Un court torrent au caractère bien trempé entaille la colline et sépare le vignoble en deux parties avant de se jeter dans le Rhône à Ampuis : la Côte Blonde au sud, avec ses sols de gneiss et de calcaire, et la Côte Brune au nord, composée de micaschistes riches en oxydes de fer.

Un conte improbable attribue cette dénomination à un seigneur local qui aurait partagé ses vignes au XVIe siècle entre ses deux filles, l’une blonde et l’autre brune. En réalité, la richesse géologique de la région donne une explication bien plus convaincante à la différence de caractère entre les vins : plus doux au sud et plus structurés, parfois fumés, au nord.

Si vous avez le temps, empruntez l’une des routes qui s’élèvent rapidement dans les vignes à près de 300 mètres au-dessus du corridor où passent l’autoroute, la voie ferrée et la route nationale. La vue depuis Tupin-et-Semons, la plus petite et sans doute la plus attrayante des trois communes de l’appellation, vaut largement le détour et offre un panorama spectaculaire.

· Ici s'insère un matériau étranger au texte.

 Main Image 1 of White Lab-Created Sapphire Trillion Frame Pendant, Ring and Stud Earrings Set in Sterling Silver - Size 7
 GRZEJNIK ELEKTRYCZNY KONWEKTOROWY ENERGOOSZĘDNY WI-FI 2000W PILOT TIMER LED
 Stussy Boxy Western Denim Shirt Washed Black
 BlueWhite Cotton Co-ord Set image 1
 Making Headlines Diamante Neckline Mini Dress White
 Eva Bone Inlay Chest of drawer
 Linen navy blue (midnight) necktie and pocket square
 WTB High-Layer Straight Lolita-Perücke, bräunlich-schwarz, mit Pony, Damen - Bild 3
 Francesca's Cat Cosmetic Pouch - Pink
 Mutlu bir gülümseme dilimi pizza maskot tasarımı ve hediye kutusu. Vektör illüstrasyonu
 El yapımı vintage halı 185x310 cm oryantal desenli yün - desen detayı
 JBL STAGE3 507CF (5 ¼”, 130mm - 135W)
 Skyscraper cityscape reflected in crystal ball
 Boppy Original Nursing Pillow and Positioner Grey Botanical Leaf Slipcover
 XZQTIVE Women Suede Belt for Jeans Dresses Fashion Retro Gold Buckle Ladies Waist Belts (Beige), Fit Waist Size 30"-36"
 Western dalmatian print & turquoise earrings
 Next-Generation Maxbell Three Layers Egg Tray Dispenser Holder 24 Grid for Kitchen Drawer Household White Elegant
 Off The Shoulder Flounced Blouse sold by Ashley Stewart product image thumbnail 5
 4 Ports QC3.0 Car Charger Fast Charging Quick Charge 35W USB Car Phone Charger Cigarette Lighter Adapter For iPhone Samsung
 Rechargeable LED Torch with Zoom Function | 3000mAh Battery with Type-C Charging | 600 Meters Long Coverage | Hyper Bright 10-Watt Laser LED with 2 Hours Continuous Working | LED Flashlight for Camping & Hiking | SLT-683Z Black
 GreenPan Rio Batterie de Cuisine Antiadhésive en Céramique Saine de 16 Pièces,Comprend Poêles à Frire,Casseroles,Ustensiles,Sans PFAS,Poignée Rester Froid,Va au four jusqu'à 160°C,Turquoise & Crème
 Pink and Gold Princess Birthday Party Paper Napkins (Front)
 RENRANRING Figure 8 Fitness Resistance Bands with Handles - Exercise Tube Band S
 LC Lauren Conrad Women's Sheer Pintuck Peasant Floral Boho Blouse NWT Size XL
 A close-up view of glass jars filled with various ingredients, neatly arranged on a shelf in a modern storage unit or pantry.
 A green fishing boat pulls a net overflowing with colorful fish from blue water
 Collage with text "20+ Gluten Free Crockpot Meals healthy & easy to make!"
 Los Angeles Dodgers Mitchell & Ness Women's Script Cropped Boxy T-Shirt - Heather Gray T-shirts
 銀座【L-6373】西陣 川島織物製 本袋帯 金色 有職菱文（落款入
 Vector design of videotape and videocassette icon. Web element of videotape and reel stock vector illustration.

La route est encore plus étroite que celles qui sillonnent le Lavaux et il ne faut craindre ni le vertige ni le croisement d’un autre véhicule. Semons, le hameau situé sur les hauteurs, aurait été construit après une crue catastrophique du Rhône qui, au Moyen Âge, aurait balayé les maisons et leurs habitants situés plus bas le long des berges.

On y trouve aujourd’hui une jolie église en pierre et un petit village groupé autour de quelques maisons vigneronnes, d’une école, de la mairie et d’une source d’eau naturelle qui a donné son nom au restaurant local offrant une vue spectaculaire sur la vallée.

Un belvédère permet d’embrasser le paysage depuis Vienne jusqu’à Saint-Maurice-l’Exil et de surplomber les vignes qui dévalent sous vos pieds sans interruption jusqu’à la voie ferrée.